Maybe a dumb question, but I know boats and motorcycles use them, for example, and a no-fuel situation in these are less critical than on airplanes. So why not on airplanes? Is the performance hit too much? I think not since you are required to carry a reserve amount anyway, the extra weight carried makes no difference. Wouldn't it be a good idea to have reserve tanks that hold 1 hour of fuel?
There are plenty of safety features already designed into aircraft that don't relieve the pilot of the responsibility of good planning, so it seems to me that there is really no negative impact of having some reserve system designed into the aircraft in addition to the planning of the pilot. A simple one would be the standpipe feature mentioned above used in some motorcycles (I originally thought it was a separate tank for reserve fuel, but the different pipe lengths is a more elegant solution). At least if you've neglected to plan sufficiently for the flight and run out of fuel, the engine sputtering and stopping can allow you to restart and focus on getting safely to an airport rather than panicking and causing unnecessary harm.
Lots of negative impacts:
1) Even if the fuel weight is the same, the extra tanks/ports/lines/selectors/etc. required are going to add weight.
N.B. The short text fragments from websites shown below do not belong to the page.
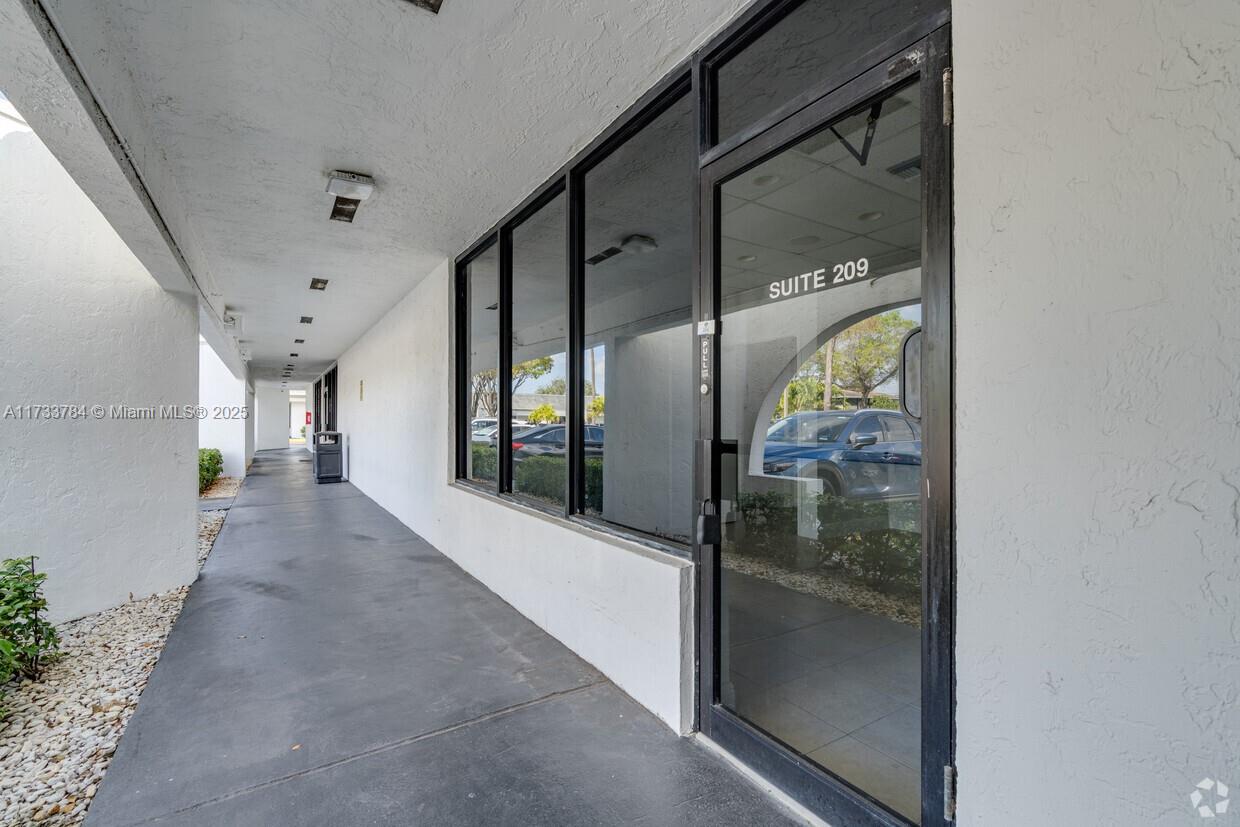 7100 W Commercial Blvd Property Photo 5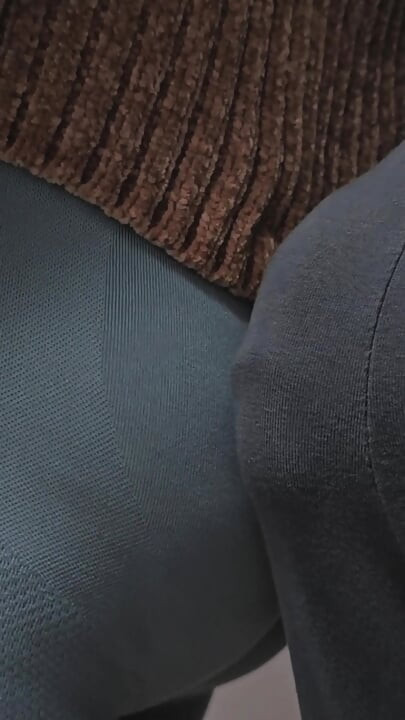 Stranger With Huge Erection Ejaculate In Subway Train On Random Girl's Tights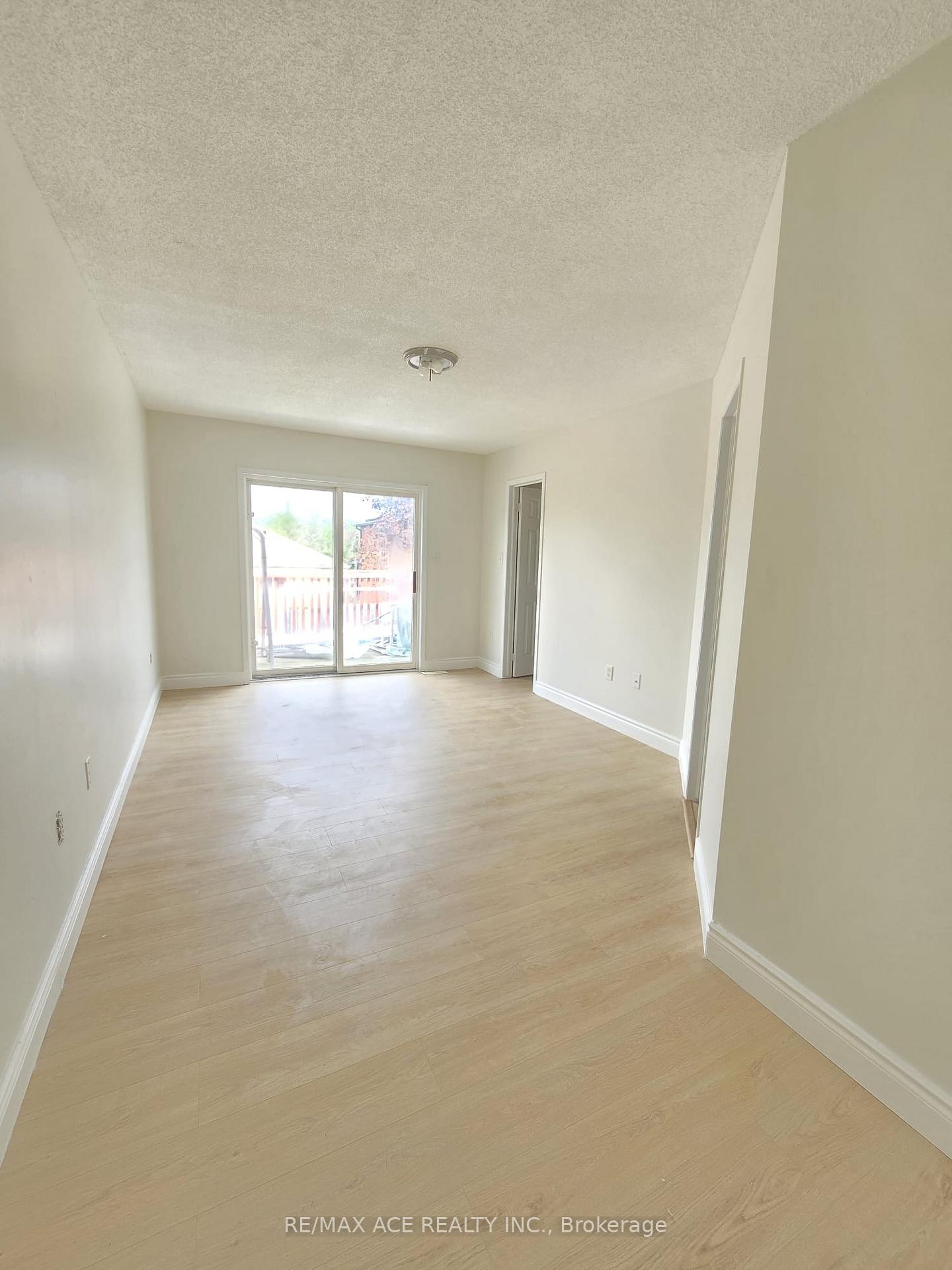 Photo 10 of Unit Main, 48 Ambler Bay, Barrie, Georgian Drive — HOMEH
2) If we can screw up with a fuel system as dirt simple as "BOTH" with a gravity feed, why would adding an extra selector make things better? One more thing to forget. An unexpected engine stoppage is NOT a good way to alert a pilot that he's starting to use his reserves.
3) What happens when you're on final to your destination and your engine quits to alert you that you're running on reserves? You may crash short of the runway before you get the engine running again.
4) If the fuel is in separate tanks, you're creating a situation where the pilot either has to run tanks dry to know where that reserve fuel is, or have the reserve fuel spread among several tanks which can result in unexpected stoppages during a low-fuel situation as well. Bad.
Great intentions - Terrible idea.
It floors me that the most brilliant minds on the planet still can't build an affordable, accurate, fuel gauge for light aircraft that can also make it's way through the Certification process.
The best we've come up with (and mind you, it's good and cheap) is an impeller in the fuel flow and a human to push the fill-up button on the totalizer?
What would you pay for an accurate fuel gauge in your aircraft? Is it an economic problem? Are we all too cheap?
There *are* certified fuel gauges - I think transport category aircraft are probably required to have them, and I think there are some light aircraft that have them as well (Cessna 400-series?).
In terms of light single-engine airplanes, well, again, the technology exists and here I have to point my finger squarely at liability concerns and the certification process.
The certification process for such things is now such a pain in the ass that the "affordable" part of these fuel gauges would go away. How many pilots do you know that would spend a fortune on STC'ed fuel gauges instead of new avionics, paint, interior, etc? After all, it's all those OTHER guys who are dumb enough to run out of fuel. And those guys aren't going to pay for gauges either. So where's the market?
Then, you have to realize that regardless of how good the gauges are, the universe is always building better idiots. There WILL be people that run out of fuel regardless of how good the gauges are, and they know they'll be sued out of existence the first time someone crashes with their gauges aboard.
So, no market and the prospect of inviting repeated legal actions until the company is gone - Again, why should someone do this?